■ **Assigned task**
The listing below holds pictures; exclude them. Return exactly the lines from the one with "Chihuahua-Cocker Spaniel Mix" through the one with "Early Sensation Plakat".

■ **Dataset content**
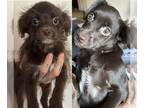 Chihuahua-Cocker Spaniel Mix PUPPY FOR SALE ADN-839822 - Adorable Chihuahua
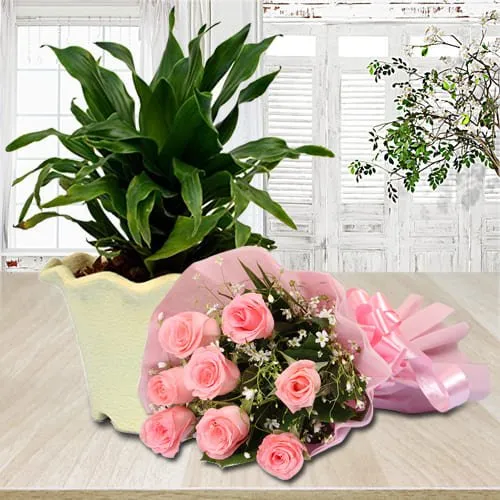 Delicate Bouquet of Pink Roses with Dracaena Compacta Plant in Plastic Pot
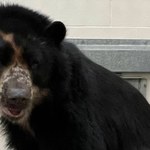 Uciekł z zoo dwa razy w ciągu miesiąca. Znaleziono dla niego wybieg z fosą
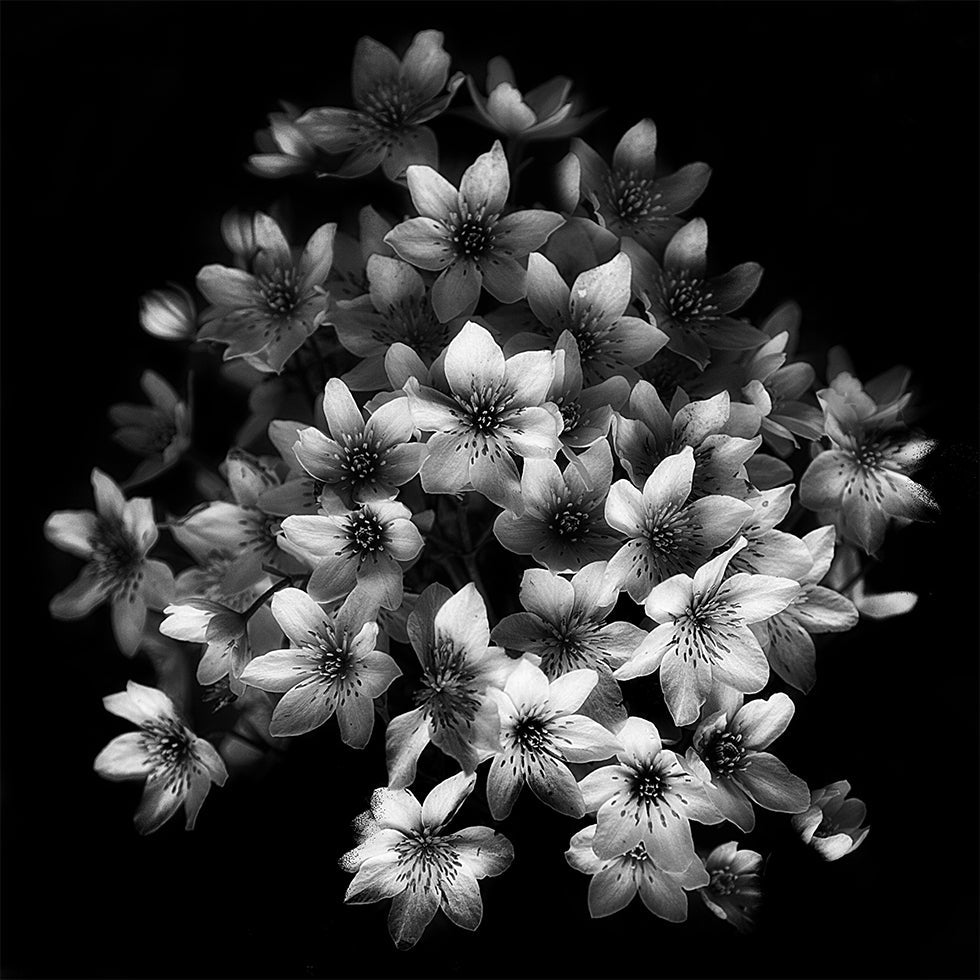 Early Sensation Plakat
==
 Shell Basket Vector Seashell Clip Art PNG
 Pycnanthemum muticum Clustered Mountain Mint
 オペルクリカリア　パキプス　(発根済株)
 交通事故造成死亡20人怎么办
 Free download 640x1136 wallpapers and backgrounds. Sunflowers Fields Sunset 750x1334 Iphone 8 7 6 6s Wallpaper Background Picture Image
---
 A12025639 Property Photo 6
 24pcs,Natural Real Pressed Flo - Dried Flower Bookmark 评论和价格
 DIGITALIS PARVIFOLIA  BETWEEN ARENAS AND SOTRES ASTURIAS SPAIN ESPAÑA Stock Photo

■ **Output for this exercise**
 Chihuahua-Cocker Spaniel Mix PUPPY FOR SALE ADN-839822 - Adorable Chihuahua
 Delicate Bouquet of Pink Roses with Dracaena Compacta Plant in Plastic Pot
 Uciekł z zoo dwa razy w ciągu miesiąca. Znaleziono dla niego wybieg z fosą
 Early Sensation Plakat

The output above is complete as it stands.